Parlare di God of War significa evocare una delle saghe più importanti della storia PlayStation. Dal massacro mitologico della trilogia greca alla maturità narrativa del ciclo nordico, Kratos è diventato molto più di un antieroe rabbioso: è un simbolo di trasformazione, colpa e redenzione. Per questo God of War: Sons of Sparta, esclusiva PS5, incuriosisce sulla carta. Un prequel ambientato prima del patto con Ares, con un Kratos adolescente al fianco del fratello Deimos? L’idea è forte. L’esecuzione, purtroppo, molto meno.
Il risultato è un titolo che prova a umanizzare il Fantasma di Sparta attraverso una storia di formazione ambientata nell’agoghé spartana, ma che incastra questa buona intuizione in un metroidvania sorprendentemente mediocre. Non è un disastro, ma è una delusione: soprattutto per una serie che ci ha abituati all’eccellenza.
Un giovane Kratos che funziona
La cosa migliore di Sons of Sparta è proprio il suo protagonista. Questo giovane Kratos è idealista, devoto agli dei, protettivo nei confronti di Deimos e persino ironico. I dialoghi tra i due fratelli sono ben scritti, credibili, e mostrano una versione del personaggio che rende ancora più tragica la sua futura caduta.
Interessante anche la cornice narrativa: un Kratos adulto che racconta gli eventi alla figlia Calliope come una sorta di favola morale. I loro scambi sono tra i momenti più riusciti dell’intera esperienza, capaci di restituire al personaggio una dimensione affettiva rara nella fase greca della saga.
Il problema è che questi spunti narrativi sono incastonati in circa 20 ore di un’avventura che alla lunga si rivela abbastanza noiosa e ripetitiva già dopo poche ore.
Un metroidvania che arriva tardi a tutto
La struttura è quella classica del metroidvania: mappa interconnessa, abilità da sbloccare per accedere a nuove aree, backtracking e segreti opzionali. Il punto è che Sons of Sparta non introduce quasi nulla di nuovo e, peggio ancora, dosa male i suoi poteri chiave.
Alcune abilità fondamentali – come il doppio salto o persino la possibilità di usare pozioni curative – arrivano dopo molte ore di gioco. Le prime fasi sono lente, rudimentali, fatte di piattaforme elementari e combattimenti ripetitivi. Ogni nuova meccanica sembra arrivare in ritardo rispetto al ritmo naturale del genere.

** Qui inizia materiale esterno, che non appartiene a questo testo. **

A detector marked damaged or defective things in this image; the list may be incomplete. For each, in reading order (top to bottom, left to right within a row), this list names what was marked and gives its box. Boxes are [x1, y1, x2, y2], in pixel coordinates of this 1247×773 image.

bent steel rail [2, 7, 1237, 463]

Le ambientazioni, dalla fucina infuocata di Dedalo alle paludi velate, sono esteticamente curate ma raramente memorabili. Molti luoghi sembrano suggerire storie affascinanti sullo sfondo… che però non vengono mai davvero approfondite.
Un combat system poco incisivo
Il combat system è la componente più solida, ma anche quella più frustrante. Kratos combatte con lancia e scudo, con diverse personalizzazioni tra punte, aste e pomoli che modificano combo e abilità speciali. Sulla carta le opzioni sono tante. In pratica, poche fanno davvero la differenza.

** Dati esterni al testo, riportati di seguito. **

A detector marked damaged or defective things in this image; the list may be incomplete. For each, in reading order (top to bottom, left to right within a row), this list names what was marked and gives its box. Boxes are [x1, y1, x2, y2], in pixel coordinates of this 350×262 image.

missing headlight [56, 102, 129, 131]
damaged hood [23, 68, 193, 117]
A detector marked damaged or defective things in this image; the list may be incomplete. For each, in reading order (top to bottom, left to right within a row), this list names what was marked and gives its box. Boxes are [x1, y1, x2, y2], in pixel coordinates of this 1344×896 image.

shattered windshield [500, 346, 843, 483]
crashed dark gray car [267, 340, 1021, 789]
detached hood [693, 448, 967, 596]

Gli attacchi leggeri riempiono una barra spirituale, permettendo di attivare varianti che generano salute o aumentano lo stordimento. Esistono magie donate dagli dei – come proiettili di luce o fiamme rimbalzanti – che aggiungono opzioni a distanza e fungono anche da chiavi ambientali. Ma molte di queste possibilità risultano marginali o poco incisive contro i nemici più coriacei.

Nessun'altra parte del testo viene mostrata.